Close on Finland’s heels is Poland, whose enormously ambitious program of rapid expansion of its military since Russia’s full-scale invasion of Ukraine in February 2022 sets an example for NATO allies of what can and must be done. Giles notes that “if the remainder of Europe treated their national security in the way that its easternmost neighbors do, the continent would be vastly safer” than it is today, and he starkly warns that “only a radical transformation of their defenses will render them capable of actually surviving a full-scale war” with Russia. NATO and its European member states will not be ready if they continue to prepare at their current pace.
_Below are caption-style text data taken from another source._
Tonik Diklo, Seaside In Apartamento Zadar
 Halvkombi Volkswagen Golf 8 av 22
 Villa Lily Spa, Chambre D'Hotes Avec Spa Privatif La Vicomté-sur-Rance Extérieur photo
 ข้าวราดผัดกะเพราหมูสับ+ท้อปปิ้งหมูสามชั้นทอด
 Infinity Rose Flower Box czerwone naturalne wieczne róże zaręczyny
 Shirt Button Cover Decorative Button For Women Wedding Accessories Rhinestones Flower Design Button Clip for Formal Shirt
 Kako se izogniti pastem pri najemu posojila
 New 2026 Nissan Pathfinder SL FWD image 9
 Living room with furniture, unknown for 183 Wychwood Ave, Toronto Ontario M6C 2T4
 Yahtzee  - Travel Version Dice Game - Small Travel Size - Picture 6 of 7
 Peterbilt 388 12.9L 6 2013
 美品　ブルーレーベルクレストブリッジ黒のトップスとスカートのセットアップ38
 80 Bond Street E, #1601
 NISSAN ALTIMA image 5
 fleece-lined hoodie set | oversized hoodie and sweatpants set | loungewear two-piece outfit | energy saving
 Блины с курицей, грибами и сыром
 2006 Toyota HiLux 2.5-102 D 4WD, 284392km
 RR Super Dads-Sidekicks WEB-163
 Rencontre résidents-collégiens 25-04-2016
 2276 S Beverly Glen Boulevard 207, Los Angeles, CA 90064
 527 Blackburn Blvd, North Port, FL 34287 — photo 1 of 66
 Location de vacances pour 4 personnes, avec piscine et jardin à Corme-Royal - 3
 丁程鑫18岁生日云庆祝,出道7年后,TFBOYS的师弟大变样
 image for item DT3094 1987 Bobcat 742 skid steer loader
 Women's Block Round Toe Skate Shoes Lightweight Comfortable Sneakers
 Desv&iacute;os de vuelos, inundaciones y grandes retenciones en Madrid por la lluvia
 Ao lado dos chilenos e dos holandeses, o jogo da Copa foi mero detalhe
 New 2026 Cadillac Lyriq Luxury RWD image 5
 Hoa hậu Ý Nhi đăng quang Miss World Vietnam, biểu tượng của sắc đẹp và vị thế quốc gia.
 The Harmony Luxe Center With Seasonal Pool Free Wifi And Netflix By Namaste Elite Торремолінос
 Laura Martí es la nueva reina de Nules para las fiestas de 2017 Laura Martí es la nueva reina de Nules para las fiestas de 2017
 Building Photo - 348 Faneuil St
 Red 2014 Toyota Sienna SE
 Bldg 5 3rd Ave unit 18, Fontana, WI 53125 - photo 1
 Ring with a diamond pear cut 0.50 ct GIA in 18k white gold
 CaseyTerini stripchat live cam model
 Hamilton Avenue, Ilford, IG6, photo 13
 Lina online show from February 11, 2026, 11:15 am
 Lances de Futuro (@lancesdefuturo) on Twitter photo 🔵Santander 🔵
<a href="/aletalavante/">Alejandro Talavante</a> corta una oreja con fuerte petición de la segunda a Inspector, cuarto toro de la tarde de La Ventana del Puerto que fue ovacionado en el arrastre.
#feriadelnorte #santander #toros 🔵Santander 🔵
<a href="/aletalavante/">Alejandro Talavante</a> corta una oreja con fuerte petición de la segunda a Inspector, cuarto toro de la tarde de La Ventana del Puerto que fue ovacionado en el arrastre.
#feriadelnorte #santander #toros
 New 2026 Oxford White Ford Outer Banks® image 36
To this reader, there is no denying Giles’s underlying pessimism about what the future holds. While the most immediate need is for “a concerted effort by the West to fully block Russia’s oil revenues,” which are what allow Putin to fund his war machine, he rightly worries that “ruling out NATO membership for Ukraine” inescapably provides “an incentive for Russia to ensure the conflict” indeed does not end. Giles names neither Hungarian president Viktor Orbán nor American commentator Tucker Carlson, but he rightly rues how there are public figures willing to excuse or applaud Putin now as there were for Hitler and Stalin in the 1930s.
Who Will Defend Europe? deserves a wide readership, not only in western European capitals and parliaments but also at the top reaches of the Trump administration. Giles’s richly documented and persuasively argued case makes all too clear that to bring about Europe’s greatest tragedy since the 1940s, Russia only needs to persuade NATO that the costs of confronting Moscow are unaffordable.